>>
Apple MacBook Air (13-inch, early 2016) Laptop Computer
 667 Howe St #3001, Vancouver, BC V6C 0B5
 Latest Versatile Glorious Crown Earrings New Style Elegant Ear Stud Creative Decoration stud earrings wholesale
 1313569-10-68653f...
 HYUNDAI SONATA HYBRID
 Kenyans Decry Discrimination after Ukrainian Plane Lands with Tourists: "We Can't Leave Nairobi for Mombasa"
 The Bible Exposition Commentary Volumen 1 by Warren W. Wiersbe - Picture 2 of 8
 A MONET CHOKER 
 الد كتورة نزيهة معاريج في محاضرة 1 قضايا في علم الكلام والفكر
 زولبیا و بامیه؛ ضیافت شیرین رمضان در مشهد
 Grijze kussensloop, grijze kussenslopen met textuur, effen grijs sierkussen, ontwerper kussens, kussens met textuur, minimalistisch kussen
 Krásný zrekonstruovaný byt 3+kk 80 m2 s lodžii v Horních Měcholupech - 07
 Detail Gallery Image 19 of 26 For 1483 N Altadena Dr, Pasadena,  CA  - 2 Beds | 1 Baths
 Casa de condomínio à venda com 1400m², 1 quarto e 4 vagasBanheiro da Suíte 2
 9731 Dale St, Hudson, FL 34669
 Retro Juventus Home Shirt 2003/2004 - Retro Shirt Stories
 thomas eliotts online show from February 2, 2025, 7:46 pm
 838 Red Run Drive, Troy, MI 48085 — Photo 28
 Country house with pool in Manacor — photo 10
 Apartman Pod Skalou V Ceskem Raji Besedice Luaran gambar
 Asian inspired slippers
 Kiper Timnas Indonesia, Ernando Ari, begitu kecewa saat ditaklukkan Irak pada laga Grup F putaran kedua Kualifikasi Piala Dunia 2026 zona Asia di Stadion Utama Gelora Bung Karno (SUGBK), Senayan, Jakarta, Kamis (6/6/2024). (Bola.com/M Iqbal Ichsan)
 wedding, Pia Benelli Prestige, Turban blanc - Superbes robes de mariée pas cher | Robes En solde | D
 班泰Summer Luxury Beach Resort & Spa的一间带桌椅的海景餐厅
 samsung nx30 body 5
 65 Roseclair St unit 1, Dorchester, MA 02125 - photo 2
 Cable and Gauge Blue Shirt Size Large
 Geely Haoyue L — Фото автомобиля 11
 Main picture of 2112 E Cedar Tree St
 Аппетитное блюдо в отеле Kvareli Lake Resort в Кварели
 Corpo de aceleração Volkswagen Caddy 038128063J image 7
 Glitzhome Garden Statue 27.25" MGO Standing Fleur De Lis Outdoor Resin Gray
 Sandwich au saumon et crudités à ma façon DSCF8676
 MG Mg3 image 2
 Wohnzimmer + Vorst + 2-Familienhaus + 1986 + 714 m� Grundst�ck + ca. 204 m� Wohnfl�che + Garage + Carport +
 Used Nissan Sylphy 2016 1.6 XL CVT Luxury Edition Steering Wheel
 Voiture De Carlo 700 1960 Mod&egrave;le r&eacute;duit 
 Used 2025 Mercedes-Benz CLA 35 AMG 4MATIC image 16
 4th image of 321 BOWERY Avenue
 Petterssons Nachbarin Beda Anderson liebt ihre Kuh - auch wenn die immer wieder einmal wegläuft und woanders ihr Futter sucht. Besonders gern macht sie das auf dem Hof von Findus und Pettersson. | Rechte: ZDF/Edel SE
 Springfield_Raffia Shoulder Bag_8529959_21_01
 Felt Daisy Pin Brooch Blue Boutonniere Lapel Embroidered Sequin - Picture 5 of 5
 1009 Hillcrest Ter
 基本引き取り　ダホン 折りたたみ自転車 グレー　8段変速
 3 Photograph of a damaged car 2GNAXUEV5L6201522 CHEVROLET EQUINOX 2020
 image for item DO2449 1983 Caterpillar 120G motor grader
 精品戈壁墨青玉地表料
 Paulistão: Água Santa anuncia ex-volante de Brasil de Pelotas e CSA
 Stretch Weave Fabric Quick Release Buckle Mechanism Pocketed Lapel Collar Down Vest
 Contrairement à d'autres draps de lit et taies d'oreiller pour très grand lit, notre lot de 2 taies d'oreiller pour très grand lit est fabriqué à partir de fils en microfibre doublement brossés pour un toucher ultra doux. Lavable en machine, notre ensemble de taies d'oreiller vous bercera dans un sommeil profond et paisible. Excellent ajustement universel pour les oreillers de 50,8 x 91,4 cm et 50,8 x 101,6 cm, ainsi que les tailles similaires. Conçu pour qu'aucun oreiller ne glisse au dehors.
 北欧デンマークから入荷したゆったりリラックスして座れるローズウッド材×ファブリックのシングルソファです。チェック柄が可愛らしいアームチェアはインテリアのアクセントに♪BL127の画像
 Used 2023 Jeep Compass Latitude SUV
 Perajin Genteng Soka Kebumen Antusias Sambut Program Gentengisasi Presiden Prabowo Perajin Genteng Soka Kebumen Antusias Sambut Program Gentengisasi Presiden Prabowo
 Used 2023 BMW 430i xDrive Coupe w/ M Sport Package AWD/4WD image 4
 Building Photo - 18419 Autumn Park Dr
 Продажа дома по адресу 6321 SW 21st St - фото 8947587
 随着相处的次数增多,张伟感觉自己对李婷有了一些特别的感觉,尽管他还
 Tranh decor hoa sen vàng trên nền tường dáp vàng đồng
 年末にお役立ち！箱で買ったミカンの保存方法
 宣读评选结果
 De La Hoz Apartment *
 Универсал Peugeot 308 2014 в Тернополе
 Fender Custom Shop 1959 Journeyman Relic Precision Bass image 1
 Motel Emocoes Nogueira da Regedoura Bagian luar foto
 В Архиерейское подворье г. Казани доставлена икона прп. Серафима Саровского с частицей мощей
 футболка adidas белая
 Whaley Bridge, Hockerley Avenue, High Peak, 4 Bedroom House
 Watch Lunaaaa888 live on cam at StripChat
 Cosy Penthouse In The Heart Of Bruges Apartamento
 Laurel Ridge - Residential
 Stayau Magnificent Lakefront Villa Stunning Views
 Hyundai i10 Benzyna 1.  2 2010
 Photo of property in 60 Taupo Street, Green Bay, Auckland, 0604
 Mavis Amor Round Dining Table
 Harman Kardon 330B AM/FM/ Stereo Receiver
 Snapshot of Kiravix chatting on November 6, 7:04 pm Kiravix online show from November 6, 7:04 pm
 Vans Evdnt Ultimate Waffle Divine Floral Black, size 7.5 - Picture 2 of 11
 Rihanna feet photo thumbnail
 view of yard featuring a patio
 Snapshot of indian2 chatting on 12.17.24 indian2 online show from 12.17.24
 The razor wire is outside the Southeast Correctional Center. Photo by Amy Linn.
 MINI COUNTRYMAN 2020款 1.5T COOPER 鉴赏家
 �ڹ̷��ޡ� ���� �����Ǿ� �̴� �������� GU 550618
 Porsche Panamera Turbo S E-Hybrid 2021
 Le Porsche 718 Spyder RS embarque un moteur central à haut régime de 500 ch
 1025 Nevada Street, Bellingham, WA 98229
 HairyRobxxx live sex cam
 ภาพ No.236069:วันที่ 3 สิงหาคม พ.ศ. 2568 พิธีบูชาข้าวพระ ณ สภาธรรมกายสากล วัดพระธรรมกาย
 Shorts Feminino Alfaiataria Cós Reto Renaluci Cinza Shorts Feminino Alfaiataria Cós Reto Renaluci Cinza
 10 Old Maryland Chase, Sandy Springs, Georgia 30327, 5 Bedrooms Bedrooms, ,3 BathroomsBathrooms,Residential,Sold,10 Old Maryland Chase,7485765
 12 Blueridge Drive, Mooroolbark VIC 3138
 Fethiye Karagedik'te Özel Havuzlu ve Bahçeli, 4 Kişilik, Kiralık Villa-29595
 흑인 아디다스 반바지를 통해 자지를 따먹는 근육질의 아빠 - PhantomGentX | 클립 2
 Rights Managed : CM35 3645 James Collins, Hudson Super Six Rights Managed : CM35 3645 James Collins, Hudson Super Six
<<
Exercise instructions: Exactly as written, please reproduce the lines from the first line of the data to the line containing "الد كتورة نزيهة", inclusive, and nothing else.

Answer area:
Apple MacBook Air (13-inch, early 2016) Laptop Computer
 667 Howe St #3001, Vancouver, BC V6C 0B5
 Latest Versatile Glorious Crown Earrings New Style Elegant Ear Stud Creative Decoration stud earrings wholesale
 1313569-10-68653f...
 HYUNDAI SONATA HYBRID
 Kenyans Decry Discrimination after Ukrainian Plane Lands with Tourists: "We Can't Leave Nairobi for Mombasa"
 The Bible Exposition Commentary Volumen 1 by Warren W. Wiersbe - Picture 2 of 8
 A MONET CHOKER 
 الد كتورة نزيهة معاريج في محاضرة 1 قضايا في علم الكلام والفكر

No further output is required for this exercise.